### WHAT TO WORK ON
Skip the pictures and repeat each line of the data exactly.

### DATA EXCERPT
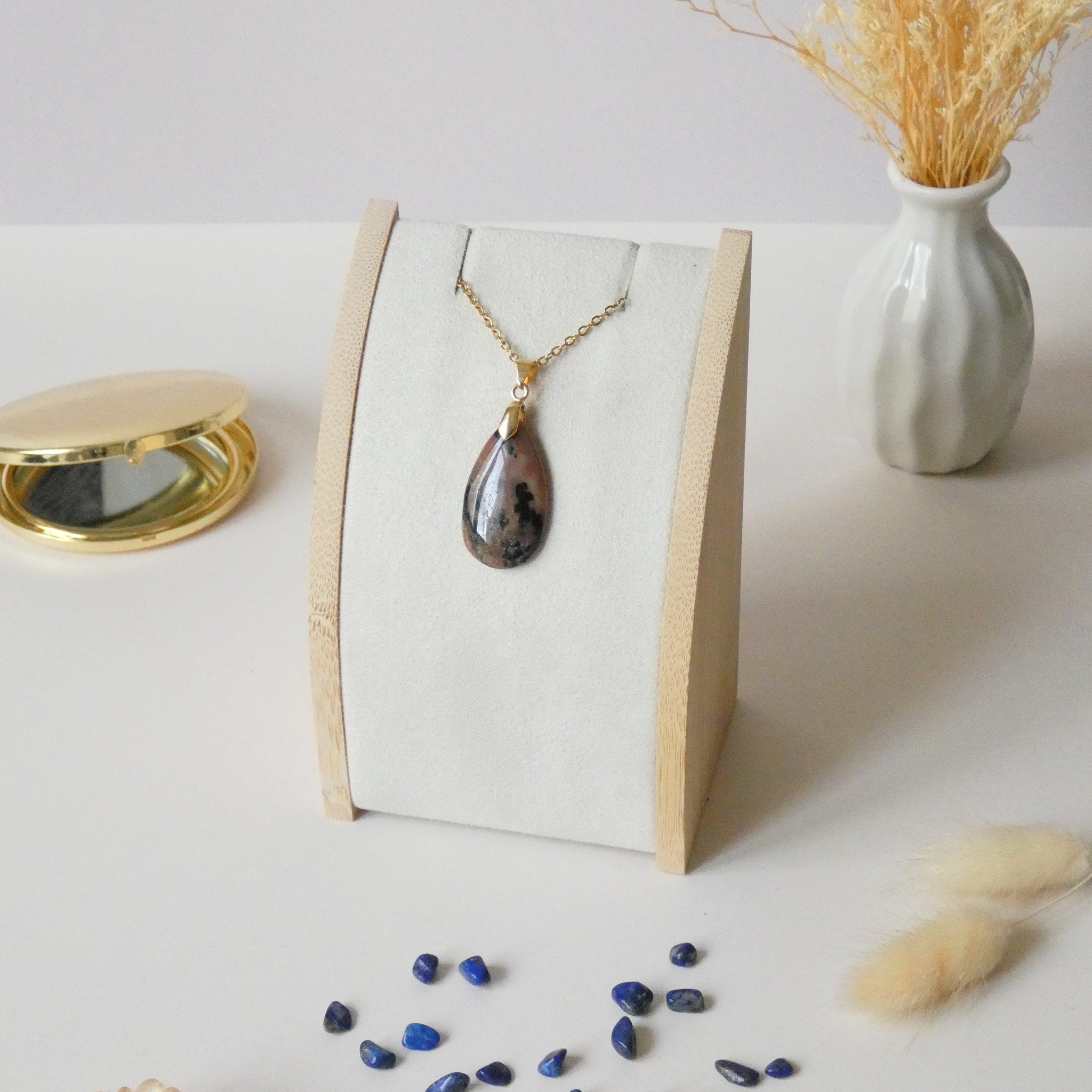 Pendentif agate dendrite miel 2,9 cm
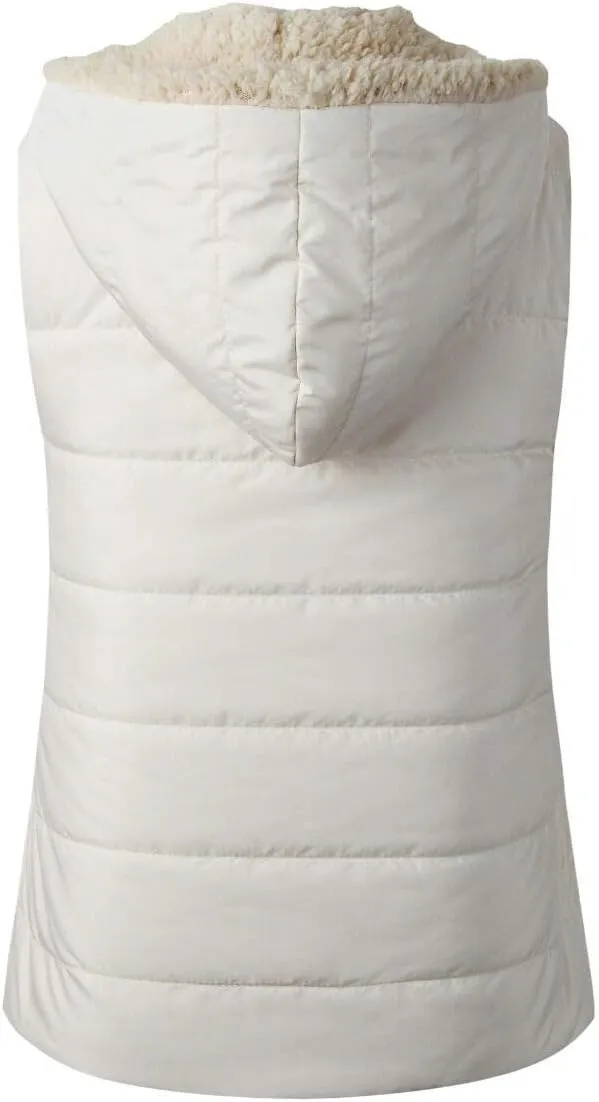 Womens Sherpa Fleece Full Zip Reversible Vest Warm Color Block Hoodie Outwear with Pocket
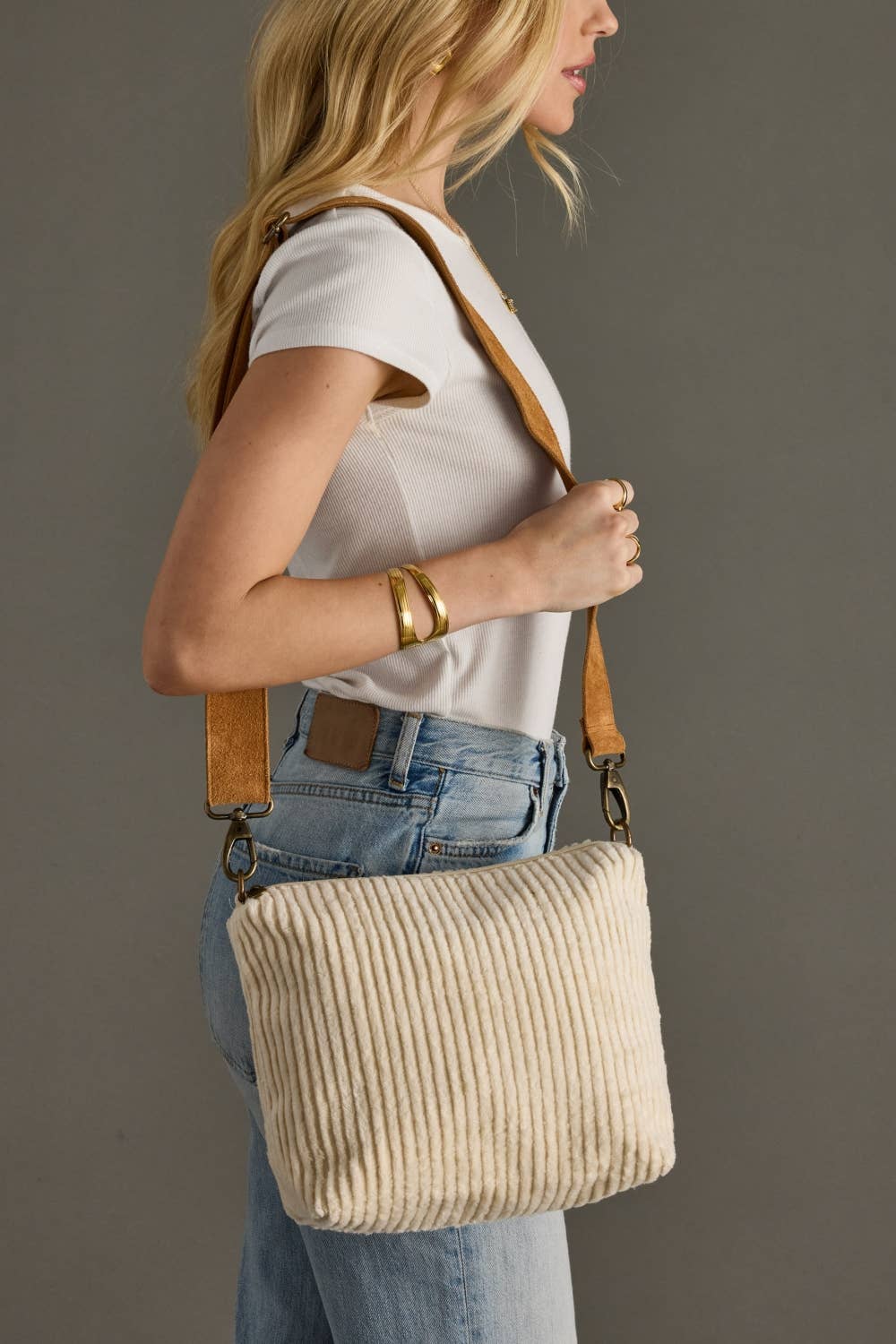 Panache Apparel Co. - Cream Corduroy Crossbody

### RESULT
 Pendentif agate dendrite miel 2,9 cm
 Womens Sherpa Fleece Full Zip Reversible Vest Warm Color Block Hoodie Outwear with Pocket
 Panache Apparel Co. - Cream Corduroy Crossbody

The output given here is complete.